> **YOUR GOAL**:
Only the closing stretch of the material belongs in the answer: the line containing "13位泰国女明星素颜照曝光，小水好美，Mai像大学生，Aump好年轻" and every line after it, copied exactly.

> **PROVIDED DATA**:
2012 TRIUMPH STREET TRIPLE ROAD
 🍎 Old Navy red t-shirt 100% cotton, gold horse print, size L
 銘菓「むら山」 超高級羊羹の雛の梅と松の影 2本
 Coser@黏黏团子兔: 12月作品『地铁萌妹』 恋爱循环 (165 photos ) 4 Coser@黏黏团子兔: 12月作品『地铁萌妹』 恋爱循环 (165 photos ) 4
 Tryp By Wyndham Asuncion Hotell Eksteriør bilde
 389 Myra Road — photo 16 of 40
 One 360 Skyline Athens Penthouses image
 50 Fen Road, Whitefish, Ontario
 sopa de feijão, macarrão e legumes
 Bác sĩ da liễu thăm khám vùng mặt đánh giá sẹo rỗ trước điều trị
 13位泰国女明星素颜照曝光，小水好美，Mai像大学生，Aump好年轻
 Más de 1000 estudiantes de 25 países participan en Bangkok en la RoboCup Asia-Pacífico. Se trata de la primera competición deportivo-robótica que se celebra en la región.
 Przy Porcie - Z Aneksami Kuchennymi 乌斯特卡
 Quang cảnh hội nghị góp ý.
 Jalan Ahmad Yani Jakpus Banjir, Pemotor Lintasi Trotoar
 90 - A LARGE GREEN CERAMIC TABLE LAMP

> **EXERCISE OUTPUT**:
 13位泰国女明星素颜照曝光，小水好美，Mai像大学生，Aump好年轻
 Más de 1000 estudiantes de 25 países participan en Bangkok en la RoboCup Asia-Pacífico. Se trata de la primera competición deportivo-robótica que se celebra en la región.
 Przy Porcie - Z Aneksami Kuchennymi 乌斯特卡
 Quang cảnh hội nghị góp ý.
 Jalan Ahmad Yani Jakpus Banjir, Pemotor Lintasi Trotoar
 90 - A LARGE GREEN CERAMIC TABLE LAMP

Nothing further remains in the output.